More and more amber waves of grain are showing up here in the Grass Seed Capital of the World.
For decades, the Willamette Valley has been a center for grass seed production. But demand for the seed to grow lush lawns has fallen with the housing downturn and overall weak economy.
And grass seed farmers face higher production costs with the phased-in ban on field burning, said Roger Beyer, executive director of the Oregon Seed Council.
Grass seed prices are about half what they were 12 to 14 months ago, he said. Back then, annual ryegrass — a variety commonly grown in the Willamette Valley — could fetch 30 cents a pound, Beyer said. Today, it sells for about 17 to 18 cents a pound.
An increasing number of them are converting some acreage to wheat.
"And farmers are telling me every day that they'll convert more next year unless prices for grass seed improve," Beyer said.

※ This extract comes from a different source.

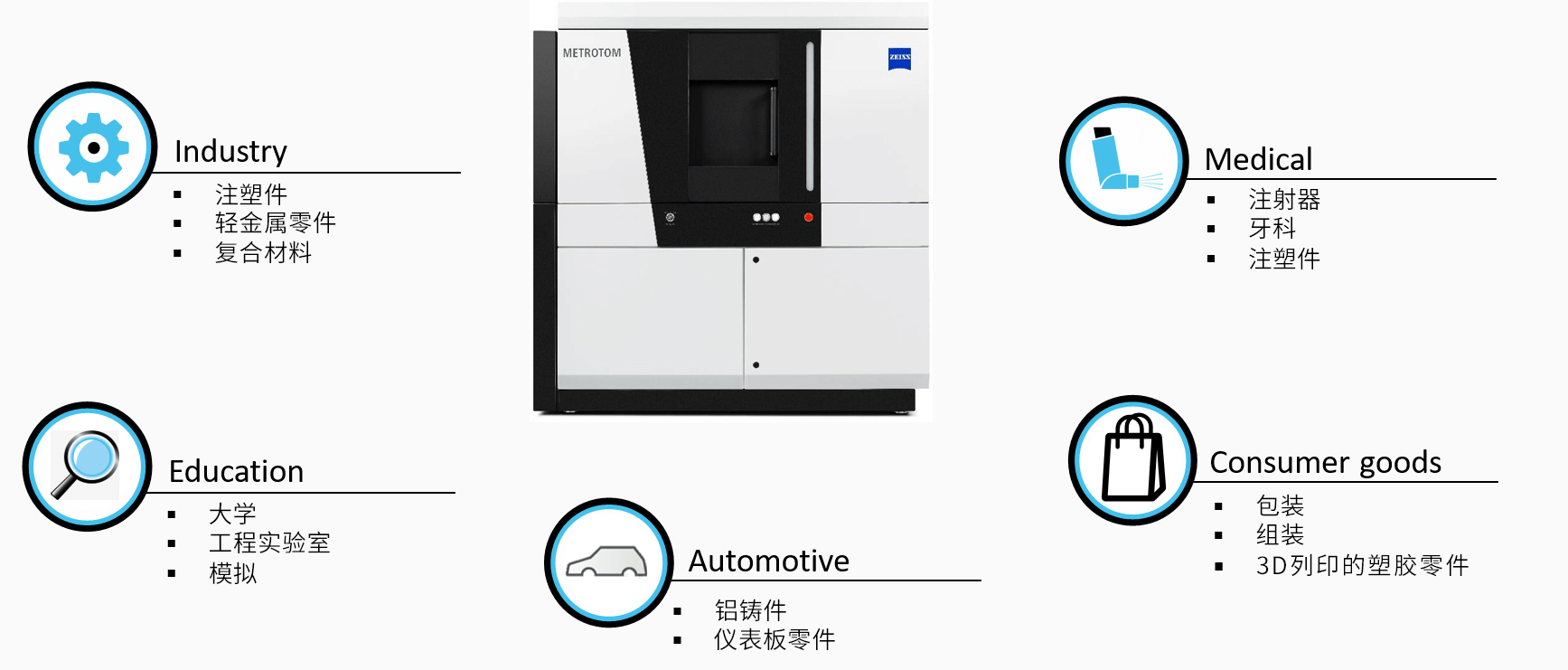 六盘水六盘水蔡司六盘水工业CT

Advocates of rebuilding the "local food system" to bring locally grown foods — including staples such as beans and grains from field to table — say that's a positive trend, and something they've encouraged for the past few years.

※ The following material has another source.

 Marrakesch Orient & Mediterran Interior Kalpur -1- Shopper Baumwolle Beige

Harry MacCormack, who operates Sunbow Farm, an organic farm west of Corvallis, is a member of the Southern Willamette Valley Bean and Grain Project.
He's experimenting with growing a variety of beans and grains and thinks there's a future for grass seed farmers to convert at least a portion of their fields to produce these food staples.
"What's going to have to happen is these guys who've been into the massive grass seed acreage are going to have to figure out how to do at least some food," he said.
That idea was a hard sell when grass seed prices were higher and grass seed farmers had little financial incentive to change, he said. But now they're more receptive.
"The banks have stopped loaning on grass seed," MacCormack said. "They were willing to loan on beans and grains."
About 90,000 to 120,000 acres of wheat — mostly soft white wheat used for making tortillas and pasta, not bread, is being harvested this year, estimates Jim Peterson, a wheat breeder at Oregon State University.
More than 150,000 to 175,000 acres "is not unrealistic" for the coming year, he said. Grass seed is grown on about 480,000 acres in the Willamette Valley.
Wheat prices have fallen from historic highs topping $10 a bushel, set about 18 months ago, he said. Those prices were related to speculation in the market that pumped prices artificially high, Peterson said.
Now the Portland price for soft white winter wheat is at about $5 a bushel.
Counting shipping costs, that's the break-even point, or a slight loss, for many farmers, said Dan Armstrong, a councilor on the Lane County Food Policy Council.